Questão discursiva fora do enunciado pode gerar revisão da nota

Uma questão discursiva de concurso público pode ser contestada quando a correção utiliza um critério que não corresponde ao que foi pedido no enunciado. Uma decisão recente do Tribunal de Justiça do Piauí analisou exatamente esse tipo de situação em um concurso para delegado da Polícia Civil.

O candidato havia sido eliminado por meio ponto na prova discursiva. A decisão determinou sua permanência no concurso, na condição de sub judice, enquanto a prova e o recurso administrativo são novamente analisados.

Quando a correção de uma prova discursiva pode ser questionada?

A banca examinadora tem competência para corrigir a prova conforme os critérios estabelecidos no edital. O candidato não pode recorrer ao Judiciário apenas porque considera sua resposta melhor do que a nota recebida.

O Supremo Tribunal Federal consolidou essa limitação no Tema 485 da repercussão geral. A regra é que o Judiciário não substitua a banca para reexaminar o conteúdo das questões ou os critérios de correção. A exceção ocorre quando há ilegalidade ou inconstitucionalidade

Por isso, uma coisa é discordar da avaliação técnica da banca. Outra é demonstrar, por documentos, que a banca aplicou critério incompatível com o edital ou com o próprio enunciado da questão.

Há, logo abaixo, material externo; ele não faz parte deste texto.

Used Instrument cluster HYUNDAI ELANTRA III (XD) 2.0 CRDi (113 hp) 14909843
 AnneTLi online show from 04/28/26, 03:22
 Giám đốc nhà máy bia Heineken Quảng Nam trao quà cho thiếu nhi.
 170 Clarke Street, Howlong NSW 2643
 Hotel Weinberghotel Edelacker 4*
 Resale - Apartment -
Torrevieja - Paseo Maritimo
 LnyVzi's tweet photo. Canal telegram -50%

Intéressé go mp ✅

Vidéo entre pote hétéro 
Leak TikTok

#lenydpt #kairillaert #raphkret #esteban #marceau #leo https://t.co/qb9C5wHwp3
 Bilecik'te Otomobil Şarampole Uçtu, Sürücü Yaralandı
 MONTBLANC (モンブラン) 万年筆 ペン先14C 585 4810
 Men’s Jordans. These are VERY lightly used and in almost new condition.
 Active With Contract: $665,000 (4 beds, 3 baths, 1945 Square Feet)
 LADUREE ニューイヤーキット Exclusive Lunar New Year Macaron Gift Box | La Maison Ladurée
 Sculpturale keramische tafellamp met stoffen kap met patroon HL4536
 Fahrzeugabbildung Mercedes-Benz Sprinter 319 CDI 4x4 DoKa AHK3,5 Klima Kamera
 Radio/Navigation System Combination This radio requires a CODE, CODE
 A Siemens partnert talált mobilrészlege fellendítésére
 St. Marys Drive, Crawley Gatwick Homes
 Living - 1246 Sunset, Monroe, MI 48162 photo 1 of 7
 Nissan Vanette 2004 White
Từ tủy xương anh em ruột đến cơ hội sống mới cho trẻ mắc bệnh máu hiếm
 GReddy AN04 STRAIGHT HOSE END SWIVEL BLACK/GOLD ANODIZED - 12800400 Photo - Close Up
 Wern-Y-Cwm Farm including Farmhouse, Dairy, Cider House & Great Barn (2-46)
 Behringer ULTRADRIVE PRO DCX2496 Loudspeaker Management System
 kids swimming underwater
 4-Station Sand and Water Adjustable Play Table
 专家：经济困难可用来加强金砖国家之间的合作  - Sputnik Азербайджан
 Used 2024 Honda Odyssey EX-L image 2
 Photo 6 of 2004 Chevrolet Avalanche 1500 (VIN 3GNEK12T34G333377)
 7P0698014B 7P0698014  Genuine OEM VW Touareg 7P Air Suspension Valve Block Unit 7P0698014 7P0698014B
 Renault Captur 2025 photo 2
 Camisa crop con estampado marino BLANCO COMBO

Essa diferença é decisiva para quem pretende questionar judicialmente uma eliminação.

Isso aconteceu com você? Se a sua nota caiu porque o espelho exigiu conteúdo diferente do enunciado, a análise da prova, do espelho e do recurso administrativo pode indicar se existe um vício objetivo na correção. Fale com um advogado especialista

O que aconteceu no concurso para delegado do Piauí?

O concurso para delegado da Polícia Civil do Piauí é regido pelo Edital nº 01/2025 e tem a Fundação Getulio Vargas como organizadora. A prova discursiva possui 100 pontos, distribuídos entre uma peça profissional e três questões dissertativas.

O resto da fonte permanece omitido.